13 Comments leave one →
  1. Amy permalink
    November 10, 2010 11:19 pm

    Maybe priming the men and women to think they’d be more interested in the film made them pay closer attention. (Or maybe that’s why I liked Avatar and not Matrix…)

    • November 10, 2010 11:23 pm

      Hi Amy,

      The researchers didn’t intentionality make the clips out to be more or less interesting, rather they randomly selected the participants to get one of two primers for an identical clip:

      – either the clip was set up so that it seemed like the story was all about the science
      – or, the clip was introduced as a story about the relationships between the characters on screen

      The researchers came up with the idea that it might have been an issue of men and women traditionally preferring different styles of movies to try to explain why their observations disagreed with their original hypothesis – that all participants should be able to catch more of the fake science of it was tied to the main plot of the movie.

  2. November 11, 2010 5:49 pm

    So wait. Are you saying “The Core” could, or could not, actually happen?

    • November 11, 2010 5:52 pm

      Having never actually had the pleasure of watching The Core, I can’t really say ;)

  3. November 12, 2010 12:12 am

    Wow, excellent post. I automatically assumed science wasn’t portrayed properly in movies. It’s good to know there’s a bunch of science behind it all.

  4. Kroeghe permalink
    January 25, 2013 3:34 pm

    As interesting as it might be – that’s a quite terrible way to get your test group. People who went to a mall, and weren’t in a hurry, and can be bribed with sweets, etc.

    • Tim maguire permalink
      January 26, 2013 4:41 pm

      All of which adds weight to the explanatory hypothesis. I think it is likely simply that, as they theorize, when the clip was an adventure, men paid more attention while the women checked their nails. When it was a romance, the women paid attention while the men went to sleep.

    • AntiSlice permalink
      January 27, 2013 4:01 pm

      Better or worse than a bunch of college students with free time looking for $10? That’s where a lot of psych studies get participants.

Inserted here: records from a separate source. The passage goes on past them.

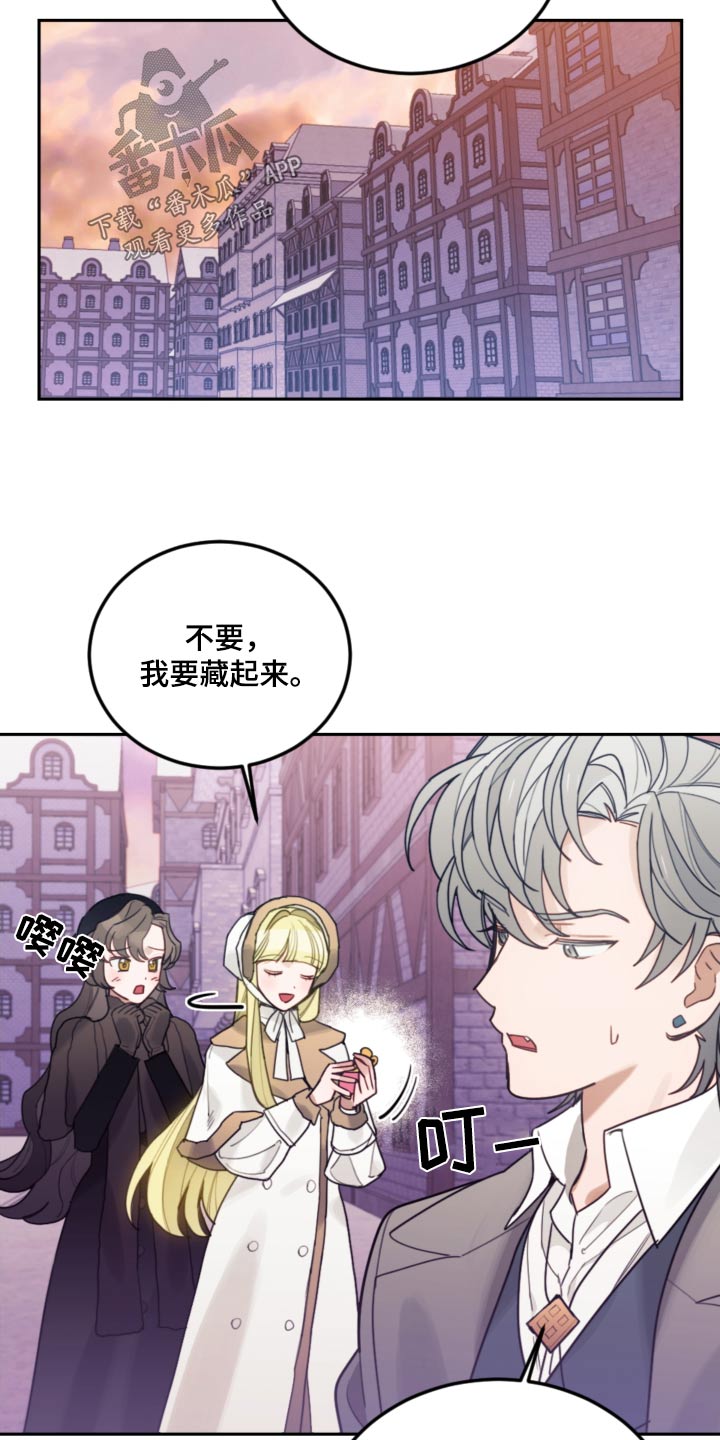 我竟是绝世高手漫画,第113话1图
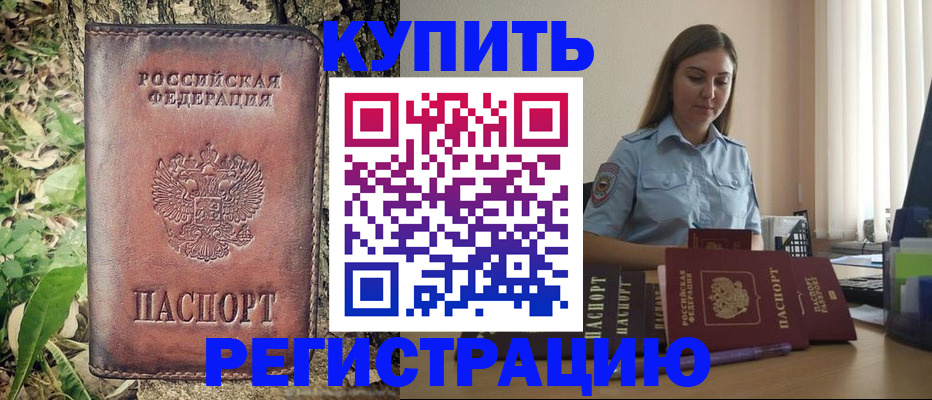 временная регистрация поиск в Светлограде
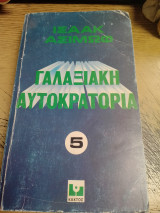 Γαλαξιακή Αυτοκρατορία μέρος 5ο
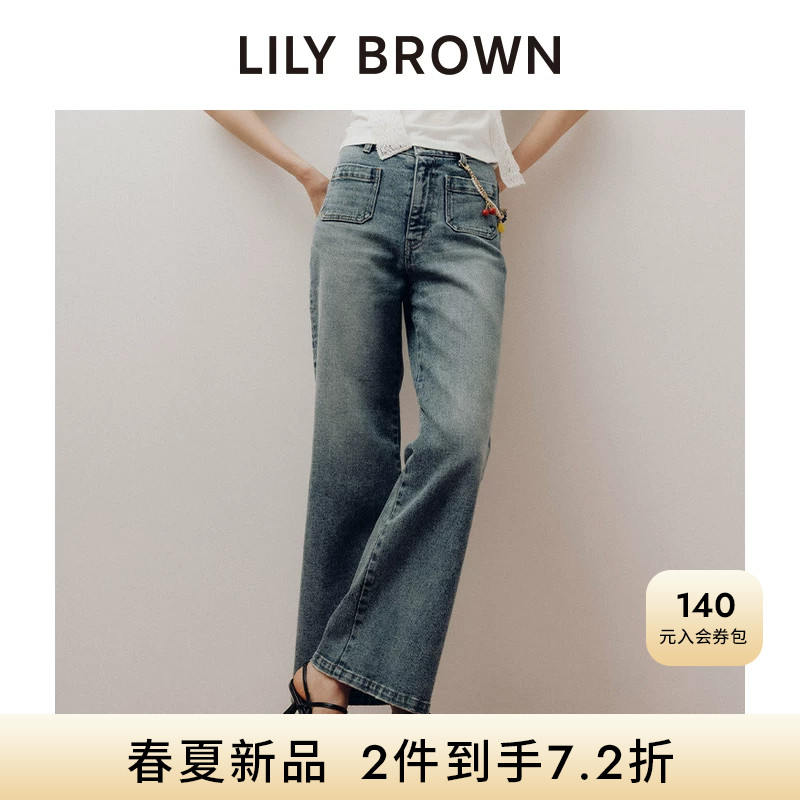 LILY BROWN2026春夏新品复古口袋高腰绑带阔腿牛仔裤LWFP262040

      • January 28, 2013 9:15 pm

        Or college students required to participate in experiments or write papers. Yup, ‘research participation’ is required at some unis. :P

  5. February 6, 2013 11:22 am

    I really hate “men vs women” pieces because it falls a bit too neatly into binary stereotypes (as opposed to a continuum), and too many people too readily jump way ahead of the evidence to date. Yes, different PEOPLE respond differently to information presented in preferred or non-preferred contexts/genres. (The same is true for learning styles and what makes a given person more likely to recall information.) It’s true that culturally, many men prefer action/adventure/sci-fi while many women prefer romance or stories about relationships. You could also say that men are also more likely to want to correct or Mansplain the science in a film. :) But there are plenty of outliers for all of these stereotypes, many of which are heavily influenced by social and cultural factors. It’s well nigh impossible to control for social/cultural conditioning in such studies; it’s also impossible to take into account the unique backgrounds and experiences of all those individuals.

    Not denying there are likely to be some innate gender differences; the hormones alone see to that. But the further one gets from sex-related or reproductive behavior, the less likely such differences are to be innate, and more likely to be the result of conditioning. It’s biopsychosocial, if you will. By all means, vive la difference, but let’s be careful about the kinds of conclusions we draw from these studies. People are complex, even when it comes to stereotypical gender-related behavior.